For me, leadership has been a main emphasis. Others in our troop have emphasized outdoor experience or advancement or high adventure. We work well together to give the Scouts a good program. It’s important for me to not only expect the Scouts to be leaders, but to teach them how to be leaders. Not everyone is a natural leader, but everyone can learn how to lead effectively.

What is the most important thing you’ve been able to do as a leader in the Scouting program over the years? What do you hope the young people walked away with?

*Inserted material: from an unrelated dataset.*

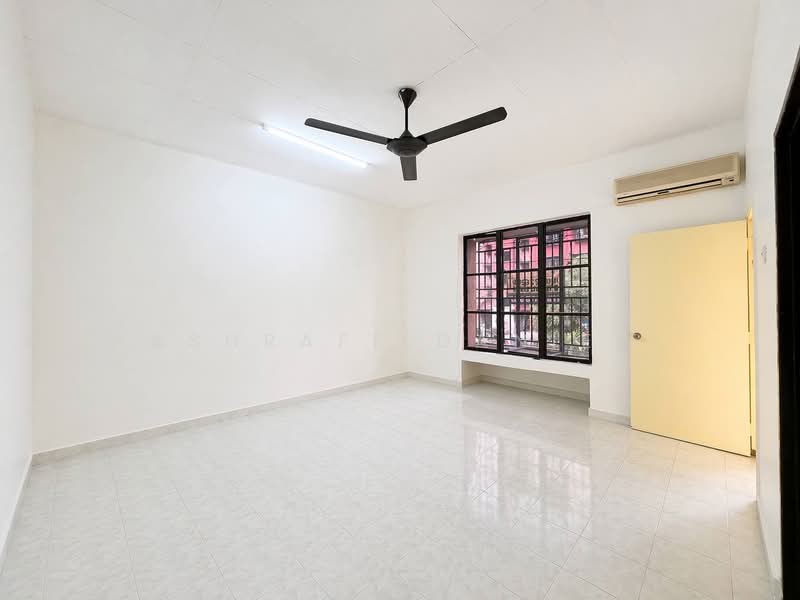 2-storey Terraced House for Sale in Taman Desaria (Petaling Jaya) - Ashraff Daniel - Interior - PropertyGuru.com.my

As I think about what has happened, I know that I’ve accomplished nothing alone. Whether it be building up a struggling Cub Scout pack or revitalizing Cub Scout day camp or re-focusing the troop on leadership and achievement, I’ve done none of it by myself. I have been a part of a great group of people that have been willing to spend the time and give their talents toward making Scouting better. . . .

I hope and pray that as these Scouts grow up, they will be men of integrity and faith and contribute in a very positive way to their community. I hope they will see that they can achieve anything they want. And I pray that they will carry on and encourage others to live that same way.

The St. George Emblem is a national honor — how does it feel to receive this kind of recognition? What does this mean to you?

Although I’m not in this to be recognized and rewarded, it is still nice when it happens. I know that the St George Emblem is not given because I’ve satisfied a list of requirements. I feel blessed to have been nominated because that means that I am sharing my faith and helping others grow closer in their relationship with Christ. Ministry is very important to me. I am grateful that I can use Scouting as a ministry.